— Exercise directions —
Exactly as written, return the entries below, minus any pictures.

━━━━━ Material to process ━━━━━

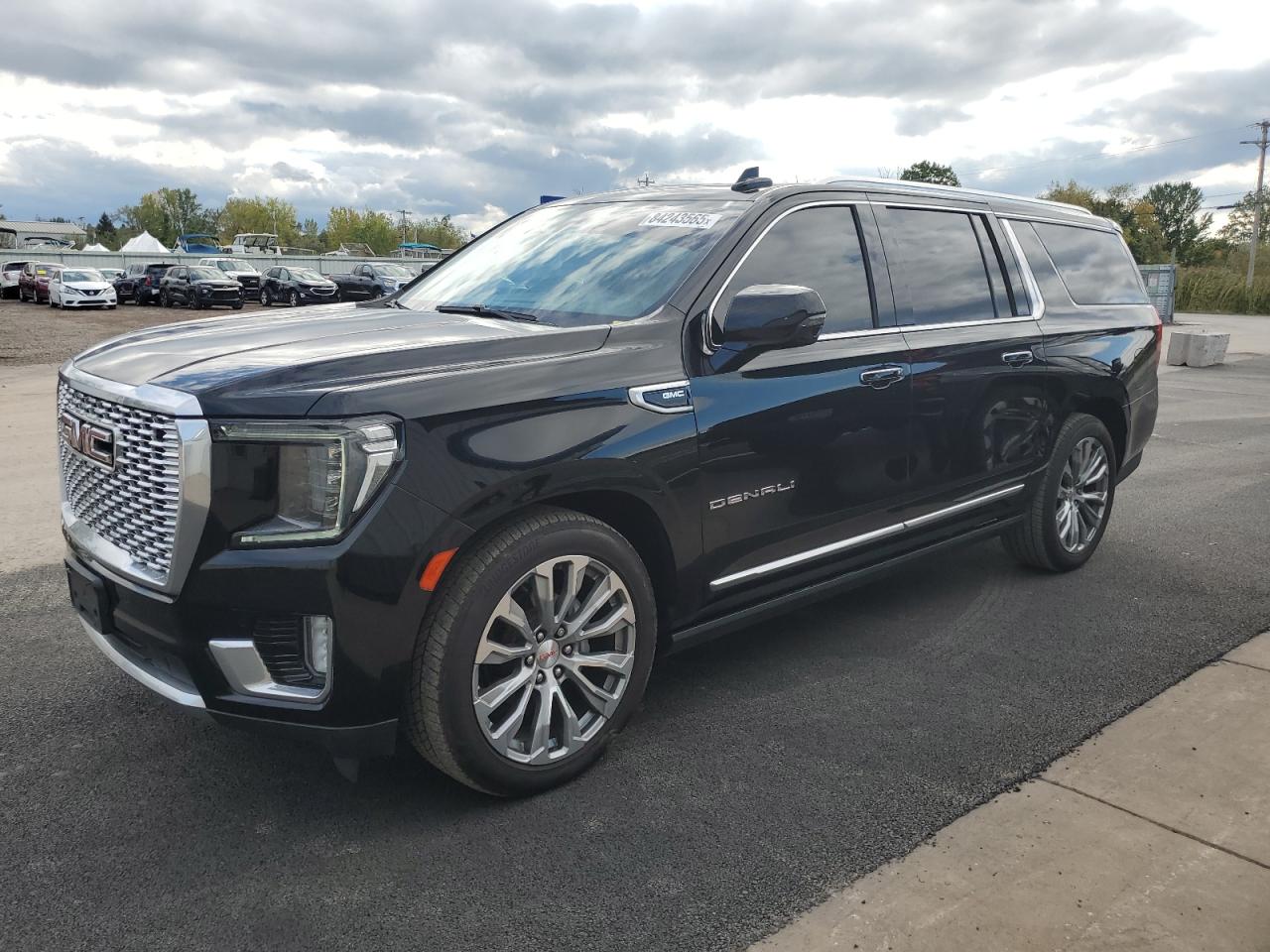 GMC YUKON DENALI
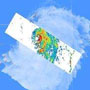 2005年初の接近台風：台風4号−新しい台風データベースも公開−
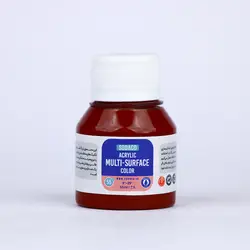 مولتی سورفیس 55 میل زرشکی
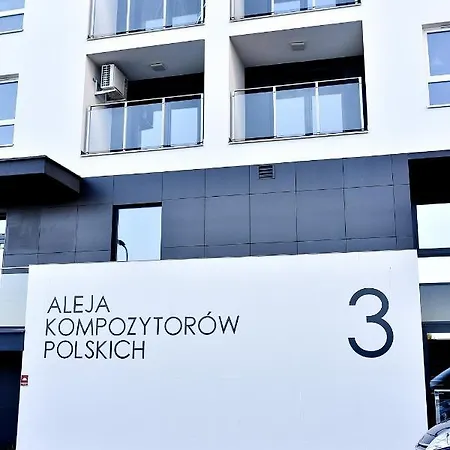 Vip Apartament Number 7 Lublin Exterior foto
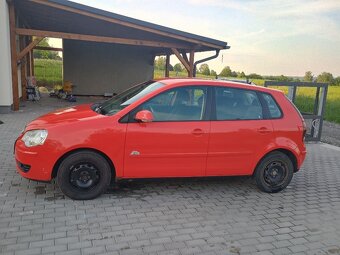 Prodám VW Polo 1.2 - 6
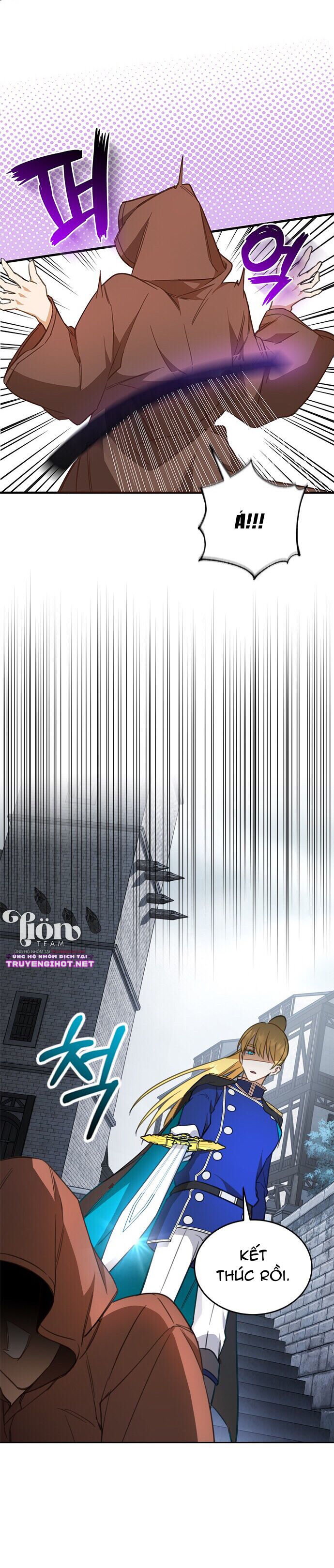 cách săn mồi chapter 13.1 11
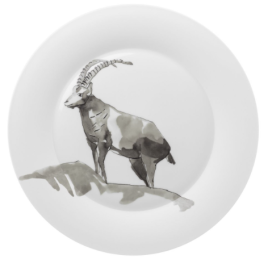 Hering Berlin – Piqueur – onderbord 320 mm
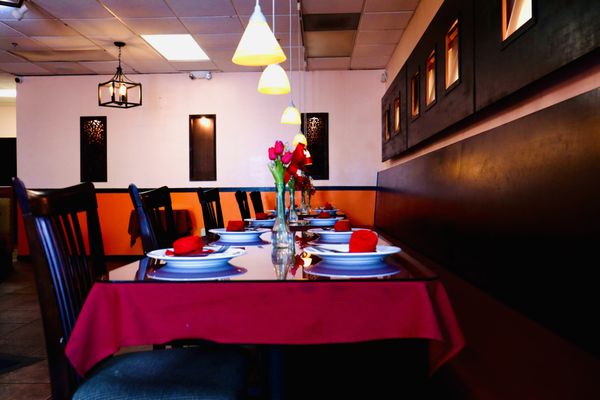 Cumin Indian Nepalese Restaurant by null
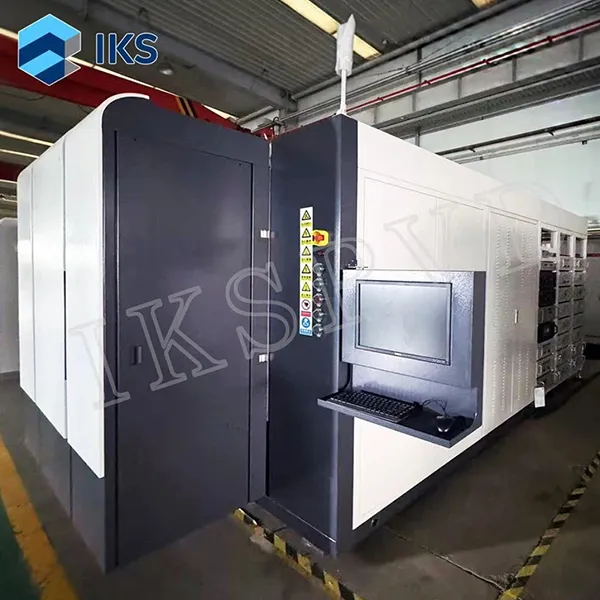 Система нанесения покрытий в условиях высокого вакуума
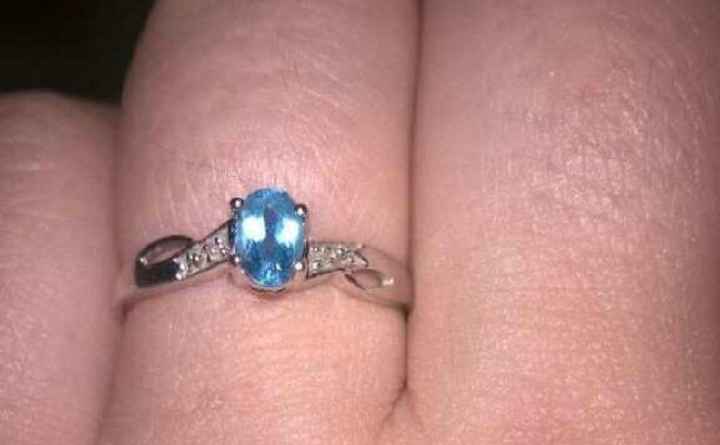 Anelli di fidanzamento 💍 - 1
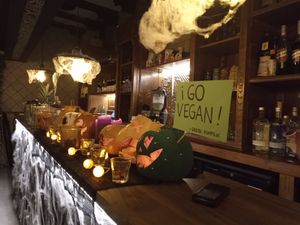  at Meet Vegano in Malaga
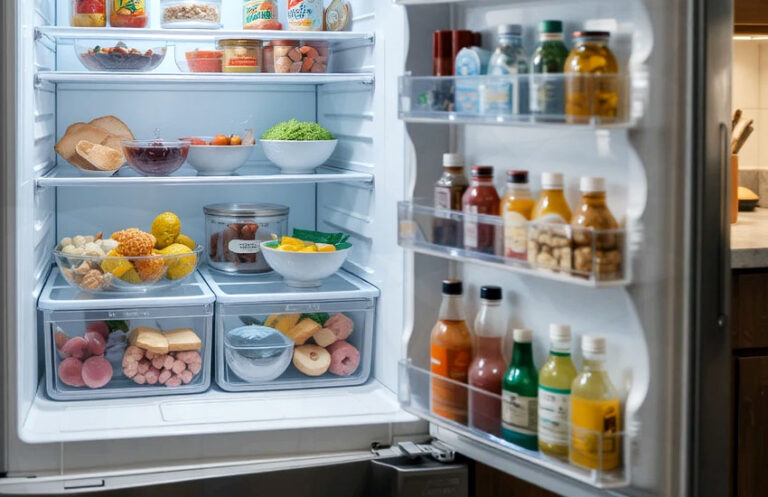 Refrigerator Sounds Like Water Dripping on Something Hot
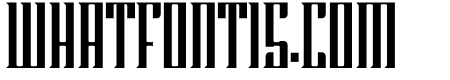 Spirit Breaker Font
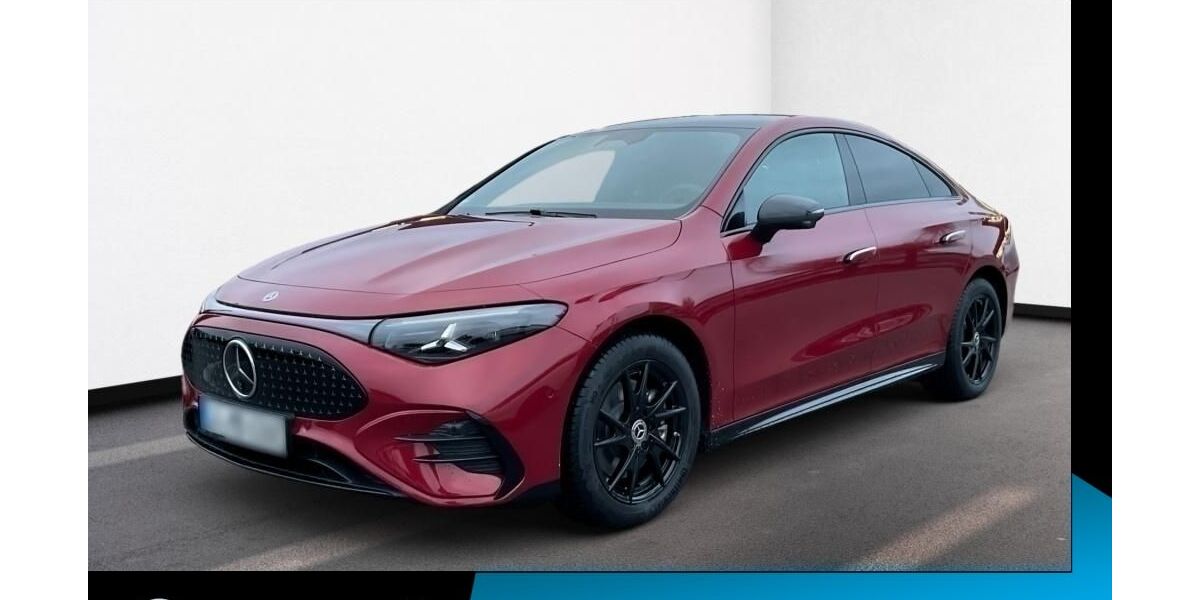 Mercedes-Benz CLA 250 9.000 km 49.485 &euro; Ergolding 84030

━━━━━

— Answer below —
 GMC YUKON DENALI
 2005年初の接近台風：台風4号−新しい台風データベースも公開−
 مولتی سورفیس 55 میل زرشکی
 Vip Apartament Number 7 Lublin Exterior foto
 Prodám VW Polo 1.2 - 6
 cách săn mồi chapter 13.1 11
 Hering Berlin – Piqueur – onderbord 320 mm
 Cumin Indian Nepalese Restaurant by null
 Система нанесения покрытий в условиях высокого вакуума
 Anelli di fidanzamento 💍 - 1
  at Meet Vegano in Malaga
 Refrigerator Sounds Like Water Dripping on Something Hot
 Spirit Breaker Font
 Mercedes-Benz CLA 250 9.000 km 49.485 &euro; Ergolding 84030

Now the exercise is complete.